• 12 eylül denince en çok hatırlanan isim. nüfus kağıdına göre 1961 şebinkarahisar doğumlu, gerçek doğum tarihi tartışmalı, halkın kurtuluşu örgütünden, ankara yapı meslek lisesi öğrencisi.

    2 şubat 1980 tarihinde ankara aşağı ayrancı'da bir öğrencinin öldürülmesini protesto için toplanan gruba askeri inzibatlar (o dönem sıkıyönetim olduğu için as.iz.ler polislerle beraber çalışıyordu) müdahale edince çatışma çıkar. silahlı çatışmada giresun çamoluk nüfusuna kayıtlı inzibat askeri zekeriya önge vurulur. cinayet şüpheleri kalabalığa ateş ederken yakalanan mitingin korumalarının, bunlardan da erdal'ın üstünde toplanır. erdal hakkında cinayetten hızla dava açılır ve dava bir buçuk ay içinde idam cezasıyla neticelenir. avukatların yaş küçüklüğünden olay yeri teşhisine kadar ileri sürdüğü itirazların hepsi reddedilir. neticede 13 aralık 1980 gecesi ulucanlar cezaevinde idam edilen erdal eren karşıyaka mezarlığında defnedilir.

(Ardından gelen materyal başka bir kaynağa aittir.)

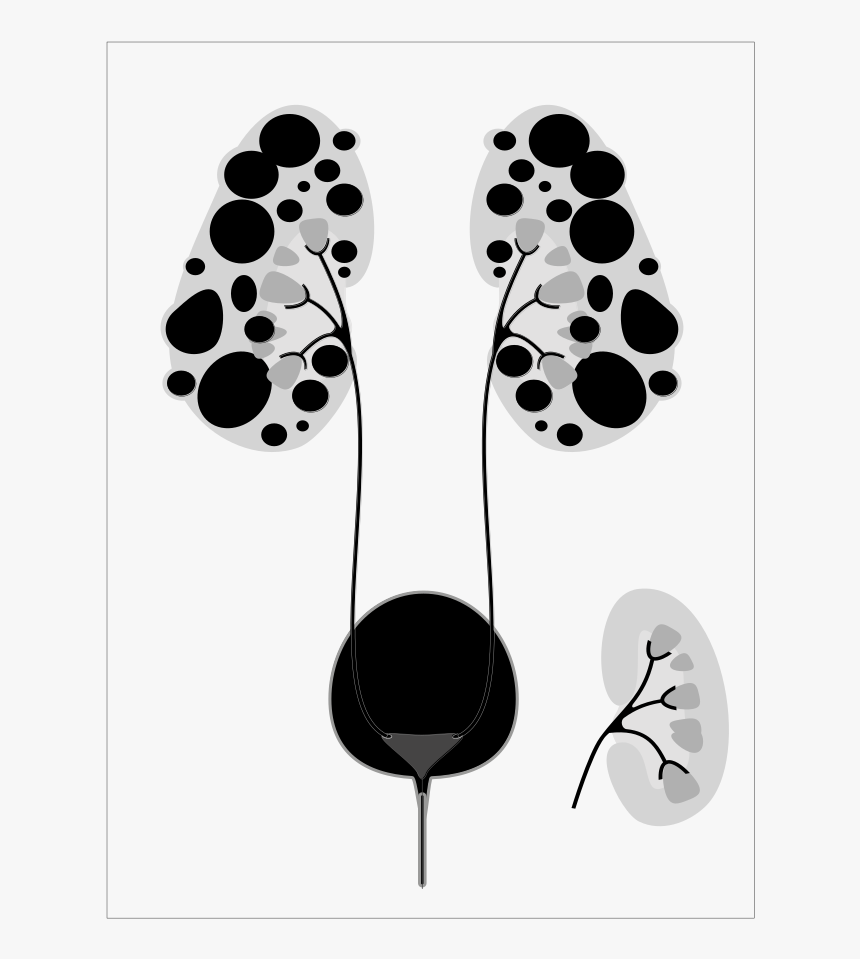 Polycystic Kidney Cartoon, HD Png Download, Free Download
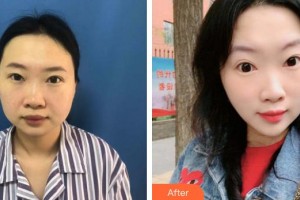 邢臺(tái)王桂華醫(yī)療美容診所王桂華整形價(jià)格表附切開雙眼皮案例展示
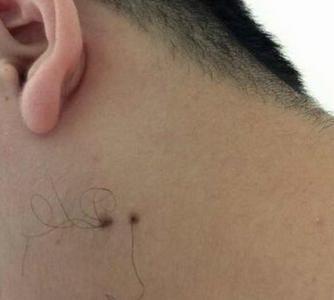 脖子上痣上长毛好不好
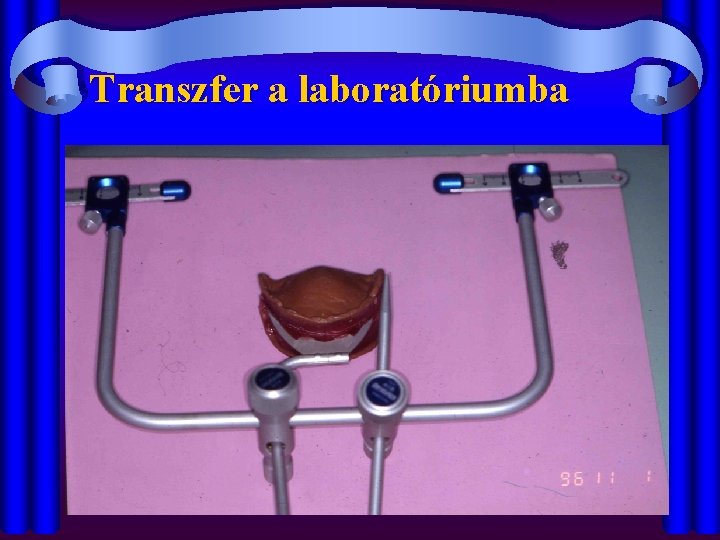 Transzfer a laboratóriumba 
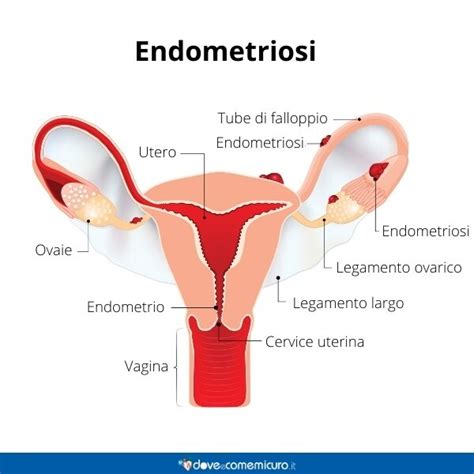 Endometriosi Sintomi Iniziali Sintomi E Conseguenze Dell Endometriosi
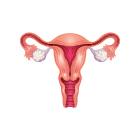 Women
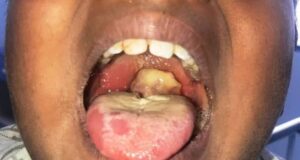 FG activates emergency task force as Diphtheria outbreak hit Katsina, Kano States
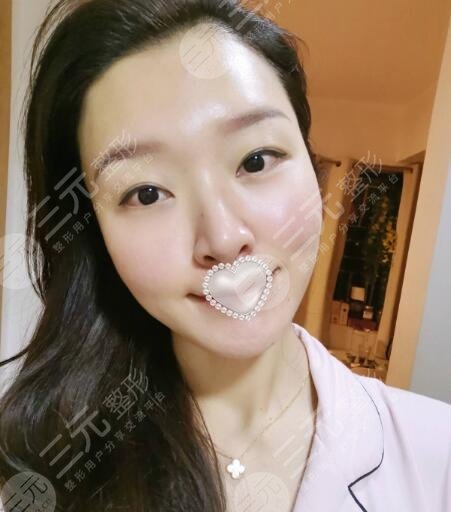 欧洲之星激光除皱提升果图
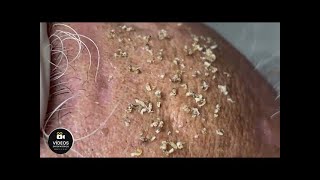 Removendo cravos e espinhas do rosto - Tratamento para pele - Vídeo Satisfatório 😱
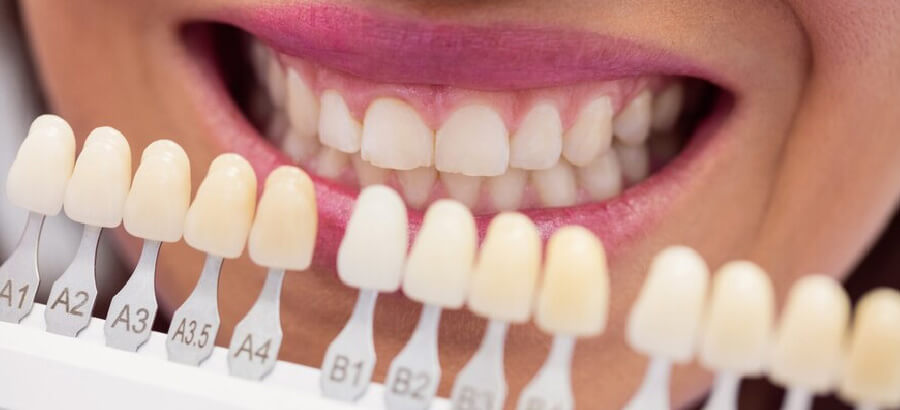Tudo o que você precisa saber sobre clareamento dental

    özellikle erdal'ın henüz reşit olmadığı iddiaları çokça dillendirilmiştir. halen "idam edilmesi için yaşı büyütüldü" falan yazar. bunun alakası yok, zira nüfus kaydındaki değişiklikler mahkeme kararıyla yapılır. idare bir de "şahsın asılabilmesi için tashihine" diye mi dava açmış? erdal eren'in resmiyette doğum tarihi eylül 1961. ama ailesinden avukatlara "bir an önce okulunu bitirsin diye nüfusa biraz büyük yazdırdık" denmiş ve avukatların bu taleplerine işte ret cevabı verilmiş. daha sonra da kemik ölçümüne bakılarak "18 yaşında olabilir" türü bir karar verilmiş. gerçek doğum tarihi ise birçok sitede 1963 yahut 1964 olarak görülüyor ama muhtemelen avukatının iddia ettiği "mart 1962" en doğruluk payı yüksek tahmin olacak... hal böyleyken kemik ölçümü üzerinden "18 yaşında görünmesi" doğru olsa gerek. ayrıca erdal eren'in gerçekten o inzibatı vurup vurmadığı da tartışmalıdır (ülkücüler sadece mahkeme kararı üstünde durur, solcularsa sadece yaş büyütme iddialarına saplanır, davadaki şaibeler eksik kalır). davaya bakan askeri yargıtay üyelerinden biri delilleri değerlendirerek kesin bir hükme varılamayacağını, kendi görevli olduğu dairenin de bu yüzden kararı bozduğunu ama yukarıdan gelen bir emirle kararın kesinleştiğini anlatmaktadır.